My first experience of big data and high-speed analytics was at CERN and the Rutherford Lab over 50 years ago. I was in the Rutherford Lab part of a large distributed team working on a CERN bubble chamber experiment. There was a proton-proton collision every second or so which, for the charged particles, produced curved tracks in the chamber which were photographed from three different angles. The data from these tracks was recorded in something called the Hough-Powell device (after its inventors) in real time. This data was then turned into geometry; this geometry was then passed to my program. I was at the end of the chain and my job was to take the geometry, work out for this collision which of a number of possible events it actually was – the so-called kinematics analysis. This was done by chi-squared testing which seemed remarkably effective. The statistics of many events could then be computed, hopefully leading to the discovery of new (and anticipated) particles – in our case the Ω–. In principle, the whole process for each event, through to identification, could be done in real time – though in practice, my part was done off-line. It was in the early days of big computers, in our case, the IBM 7094. I suspect now it will be all done in real time. Interestingly, in a diary I kept at the time, I recorded my immediate boss, John Burren, as remarking that ‘we could do this for the economy you know’!
So if we could do it then for quite a complicated problem, why don’t we do it now? Even well-known and well-developed models – transport and retail for example – typically take weeks or even months to calibrate, usually from a data set that refers to a point in time. We are progressing to a position at which, for these models, we could have the data base continually updated from data flowing from censors. (There is an intermediate processing point of course: to convert the sensor data to what is needed for model calibration.) This should be a feasible research challenge. What would have to be done? I guess the first step would be to establish data protocols so by the time the real data reached the model – the analytics platform, it was in some standard form. The concept of a platform is critical here. This would enable the user to select the analytical toolkit needed for a particular application.
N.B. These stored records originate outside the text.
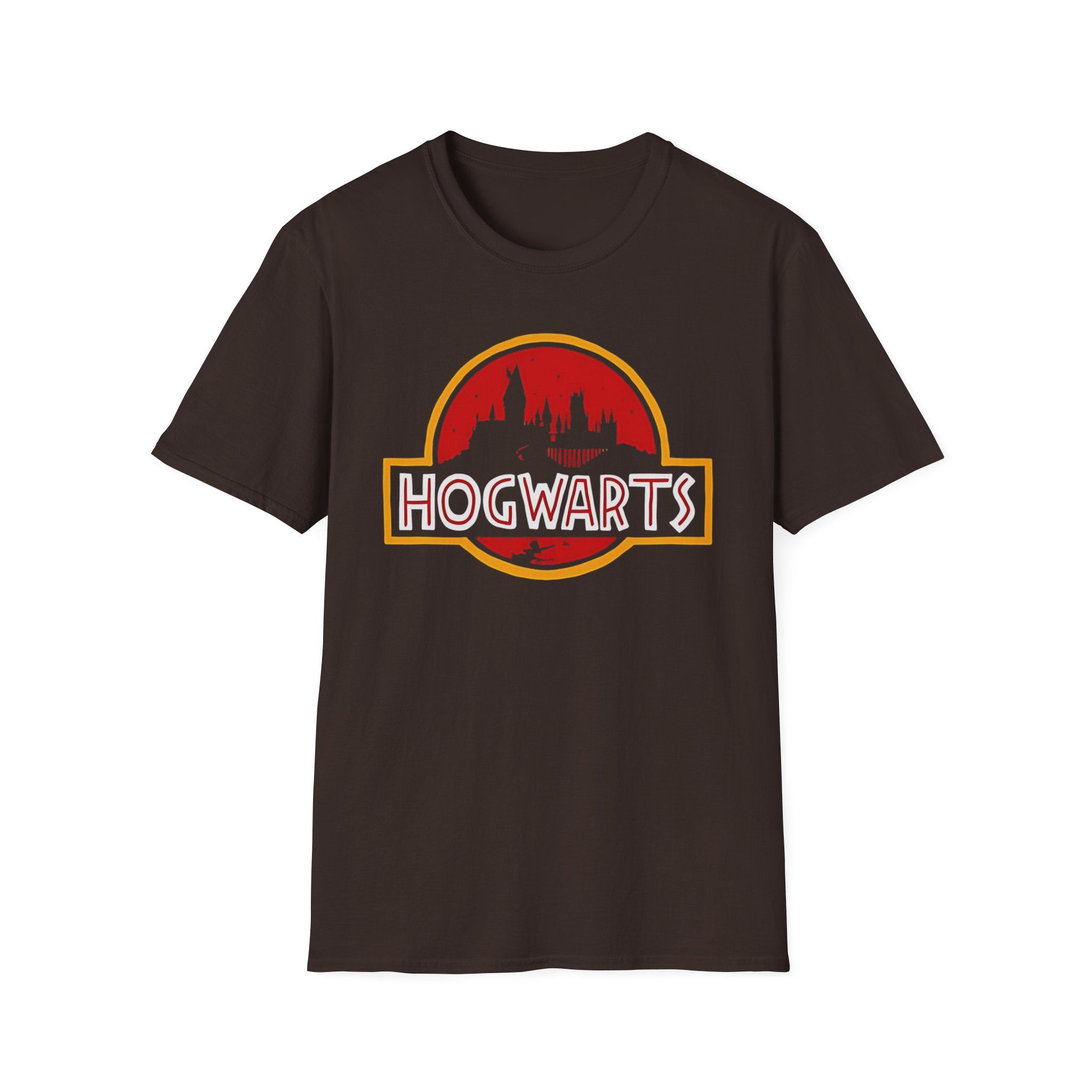 Harry Potter Hogwarts - Softstyle T-Shirt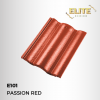 Ngói màu SCG - Ngói sóng E101- Passion Red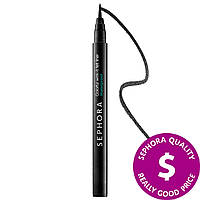 Карандаш для глаз SEPHORA COLLECTION Colorful Wink-It Felt Tip Liquid Eyeliner - Waterproof 01 Little Black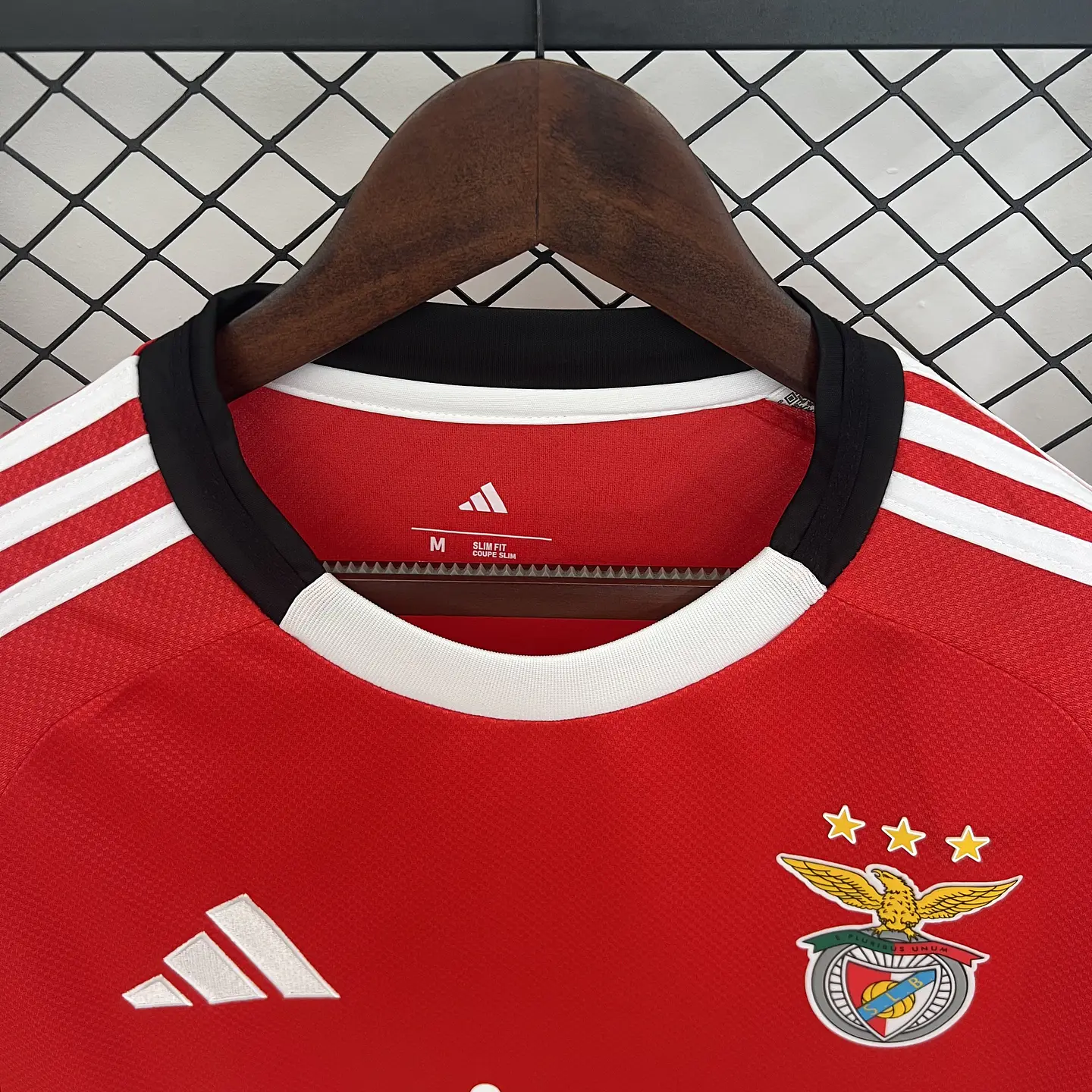 Benfica Home 25/26 Manga Longa 4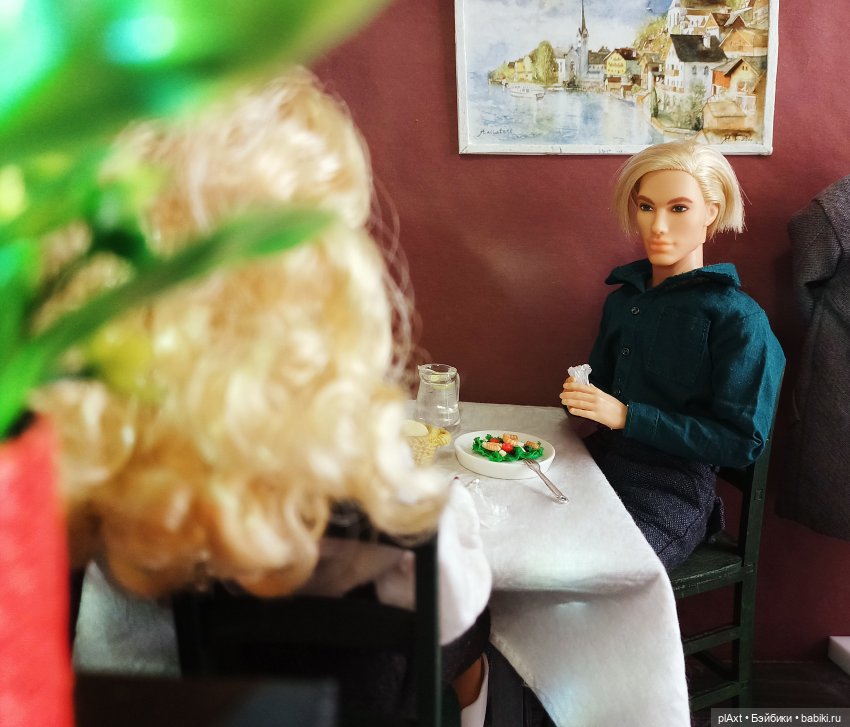 68. Серёжка (слегка 18+)))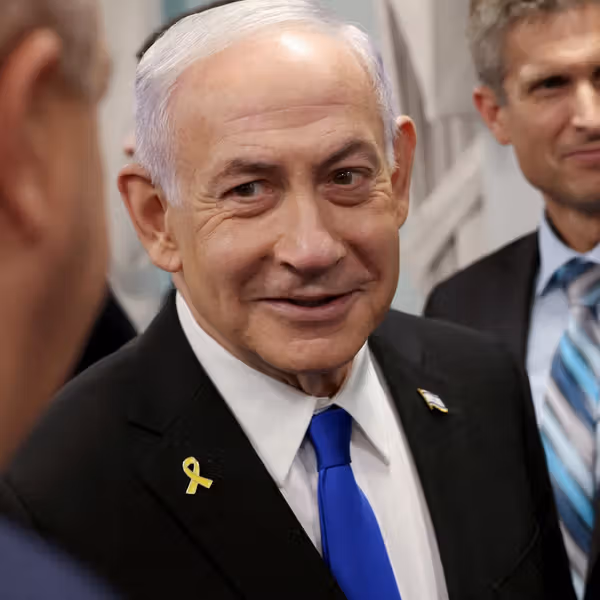 نتانیاهو: مردم ایران می‌خواهند خود را از دیکتاتوری رها کنند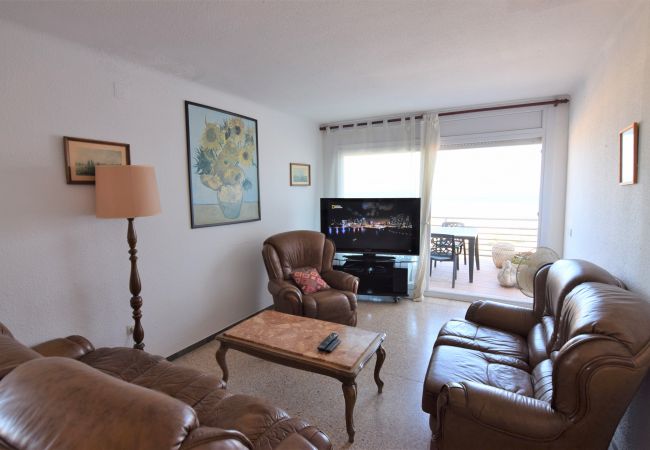 Apartamento en Castelló d´Empúries - 397-Apartamento Empuriabrava  vistas mar y marina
This could incorporate a whole spectrum from maps and other visualisation to the most sophisticated models – static and dynamic.
There are two possible guiding principles for the development of this kind of system: what is needed for the advance of the science, and what is needed for urban planning and policy development. In either case, we would start from an analysis of ‘need’ and thus evaluate what is available from the big data shopping list for a particular set of purposes – probably quite a small subset. There is a lesson in this alone: to think what we need data for rather than taking the items on the shopping list and asking what we can use them for.
Where do we start? The data requirements of various analytics procedures are pretty well known. There will be additions – for example incorporating new kinds of interaction from the Internet-of-Things world. This will be further developed in the upcoming blog piece on block chains.
So why don’t we do all this now? Essentially because the starting point – the first demo – is a big team job, and no funding council has been able to tackle something on this scale. There lies a major challenge. As I once titled a newspaper article: ‘A CERN for the social sciences’?